Data Analysis with Elixir

Exploring the Explorer library

João Pedro Lima
Elemental Elixir
Published in
8 min readJan 25, 2024

--

Data wrangling is the process of cleaning, structuring, and transforming raw data into a more usable and understandable format. In a world where powerhouse tools such as Python’s pandas library combined with the Jupyter Notebook, or even R combined with Rstudio often take center stage for data manipulation, Elixir introduces an exciting alternative: the Explorer library.

Explorer offers an efficient way to explore (duh!), manipulate, and transform data frames, and it can be seamlessly combined with Livebook, a tool for crafting interactive and collaborative code notebooks that also provides a platform for experimentation and prototyping with ML models, transforming data analysis from a solitary, code-heavy process into an immersive and visually engaging experience.

Disclaimer: I probably should’ve said it before, but I’m no Data Scientist. I’m just an Elixir enthusiast sharing some data tricks I’ve picked up along the way. Consider it a data playground pass, not a masterclass 😉.

Let’s begin!

Our data

For the purposes of this article, we’ll be using this DataWars challenge, and we’ll be answering a couple of questions based on a Premier League data set.

The data set is also available here.

We’ll use Explorer to do some data cleaning: by filling in missing values, identifying outliers, and correcting wrong data. We’ll also be able to perform some data analysis, that will allow us to find, for example, the average number of goals per match, the biggest goal difference in a match, and so forth.

Livebook and set up

Running Livebook should be straightforward and it shouldn’t present any major challenges. You have a variety of methods available to do so, and their official documentation provides helpful details on each of them.

With Livebook up and running, we are going to create a new notebook, give it a cool name, and we’ll set up the dependencies. We’ll be using three libraries:

  • req, an HTTP client library that will be used to load the data set
  • explorer, of course
  • kino_explorer to help with the visualization of the data frames

To install those libraries, click on the Notebook dependencies and setup and manually add the packages.

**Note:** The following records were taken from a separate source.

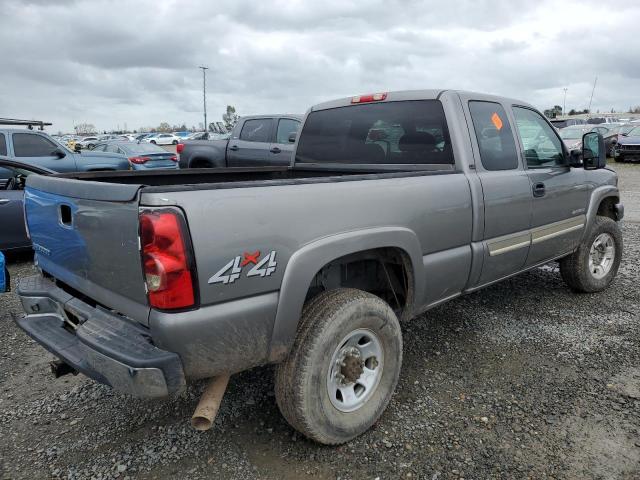 Photo 3 from auction – 2006 CHEVROLET SILVERADO with VIN 1GCHK29U86E145166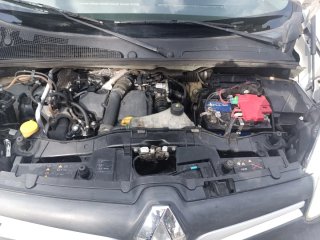 Renault Kangoo 2017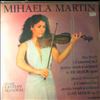Martin Mihaela -- Bruch Maz - Violin Concerto No. 2, Wieniawski - Violin Concerto No. 2 (1)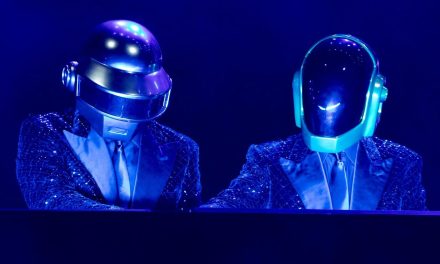 Daft Punk descarta su regreso para la ceremonia olímpica de París 2024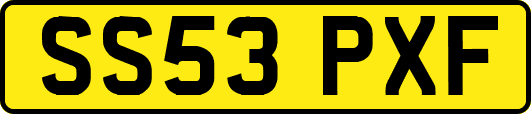 SS53PXF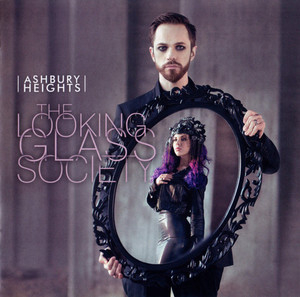 The Looking Glass Society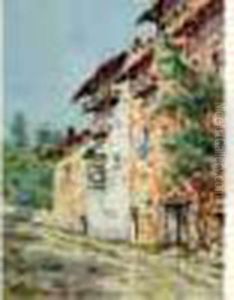 Maisons En Italie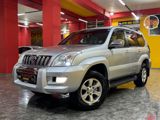 Toyota Land Cruiser Prado, 2.7 L, 2008 il, 240 000 km — Avtosalon "222"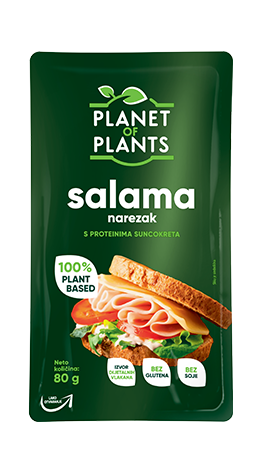 planet of plants salama narezak proizvod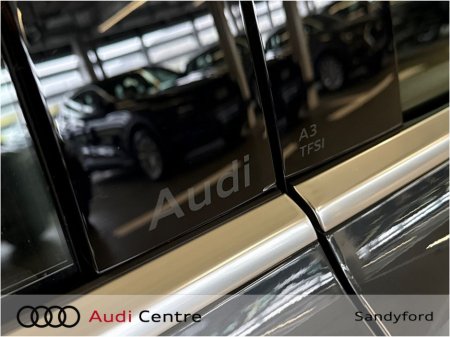 2026 Audi A3 - thumbnail 20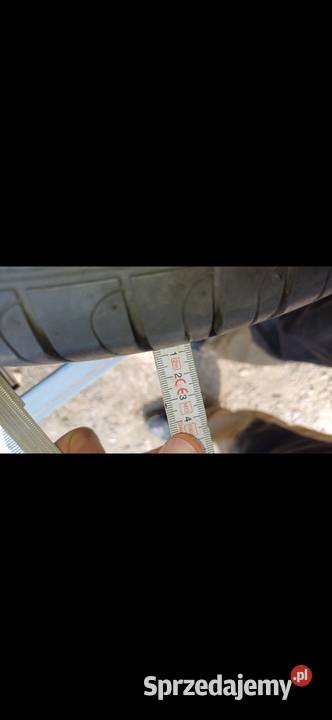 Koła alu 15 7JX15H2 Toyota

The dependencies should look like this:

Mix.install([
{:req, "~> 0.4.8"},
{:explorer, "~> 0.8.0"},
{:kino_explorer, "~> 0.1.18"}
])

Also, make sure to run

require Explorer.DataFrame, as: DF
require Explorer.Series, as: Series

since they’ll be constantly used.

To retrieve the data from our data set, simply use

response = Req.get!("https://raw.githubusercontent.com/joaorlima/data-sets/master/premier-league-data.txt")

and to load our data frame, we’ll use df = DF.load_csv!(response.body). And there we have it: our data frame.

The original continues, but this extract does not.